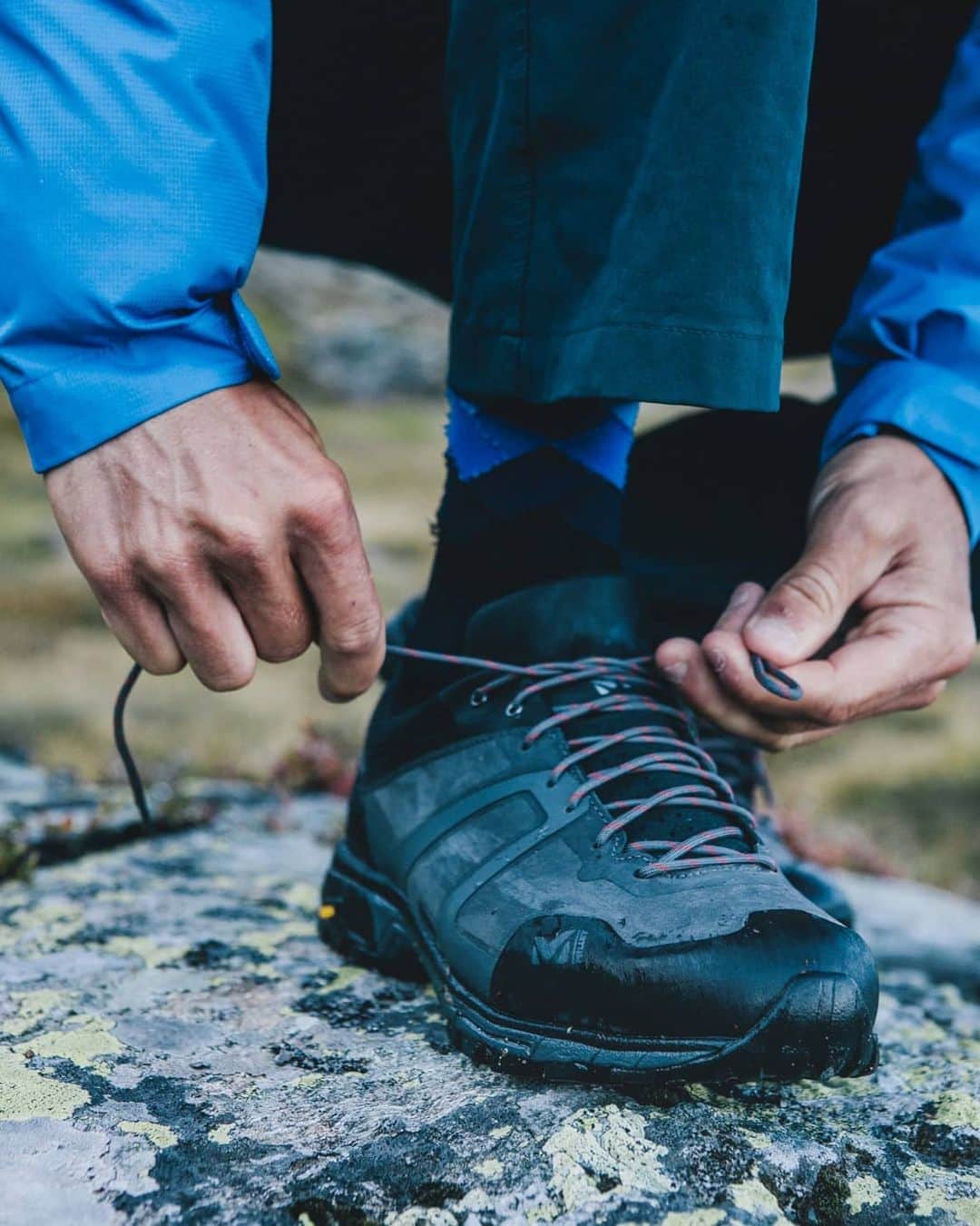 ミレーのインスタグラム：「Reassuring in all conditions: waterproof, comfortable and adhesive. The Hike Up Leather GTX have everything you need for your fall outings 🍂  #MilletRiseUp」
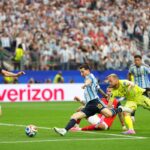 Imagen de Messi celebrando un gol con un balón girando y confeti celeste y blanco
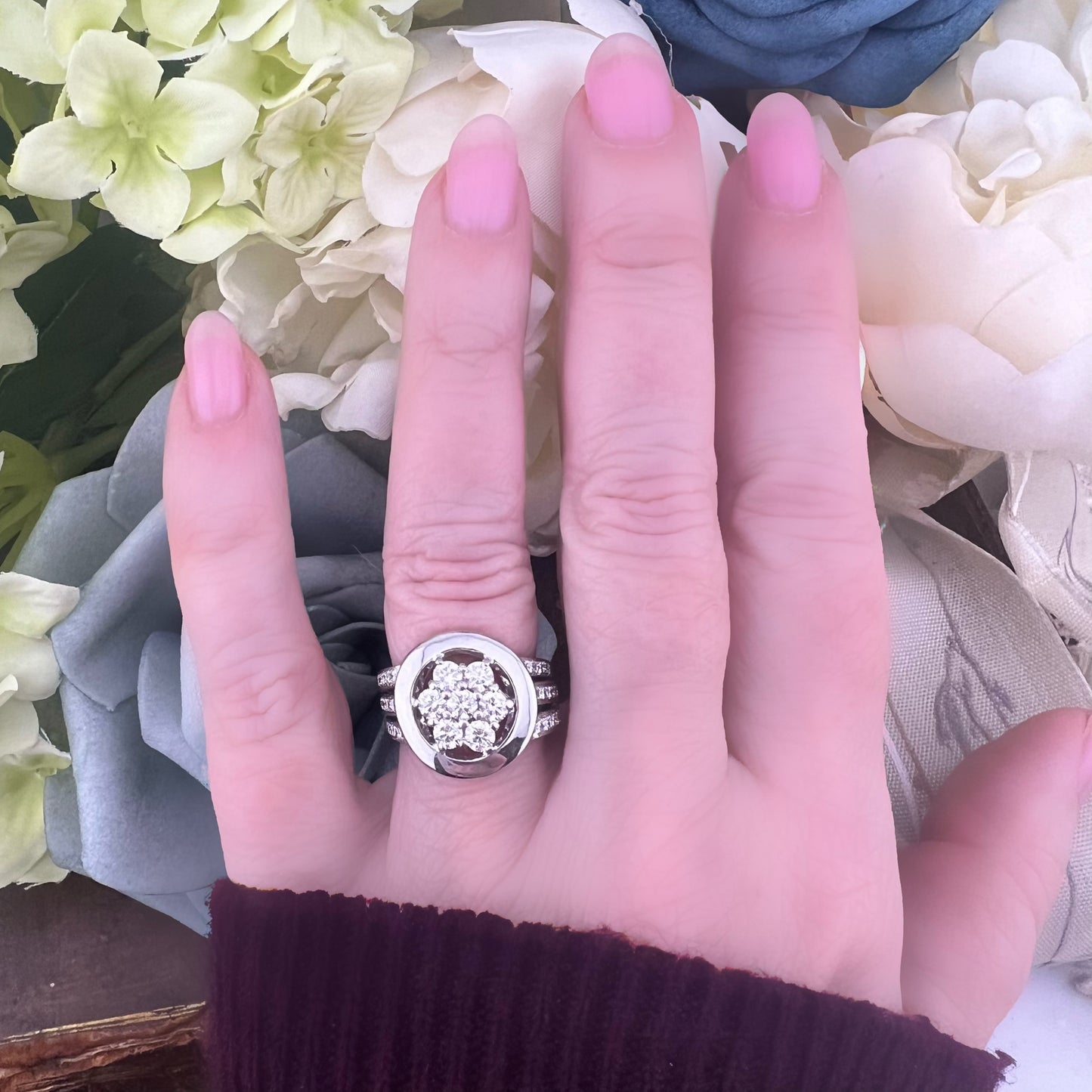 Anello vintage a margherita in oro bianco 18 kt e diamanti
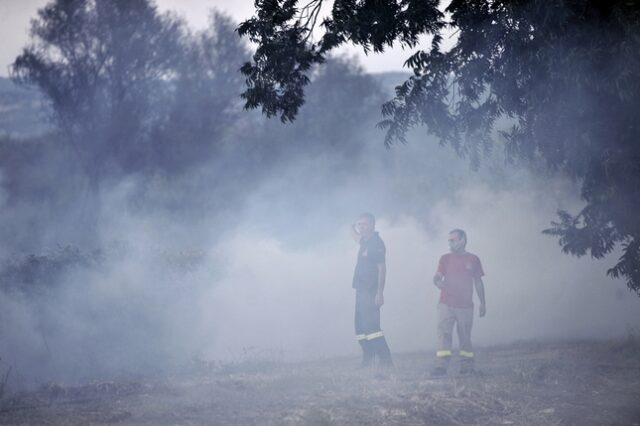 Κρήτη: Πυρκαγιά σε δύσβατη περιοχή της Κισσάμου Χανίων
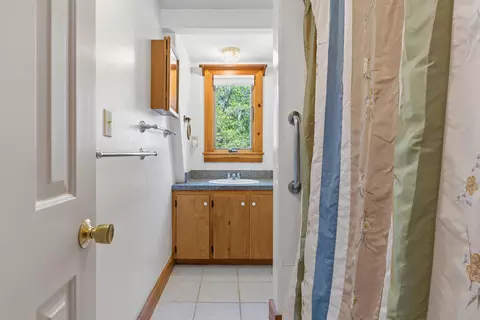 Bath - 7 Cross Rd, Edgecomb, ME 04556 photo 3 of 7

### Aim of the task
Transcribe each entry above character for character, omitting pictures.

### Answer area
 ミレーのインスタグラム：「Reassuring in all conditions: waterproof, comfortable and adhesive. The Hike Up Leather GTX have everything you need for your fall outings 🍂  #MilletRiseUp」
 Imagen de Messi celebrando un gol con un balón girando y confeti celeste y blanco
 Anello vintage a margherita in oro bianco 18 kt e diamanti
 Κρήτη: Πυρκαγιά σε δύσβατη περιοχή της Κισσάμου Χανίων
 Bath - 7 Cross Rd, Edgecomb, ME 04556 photo 3 of 7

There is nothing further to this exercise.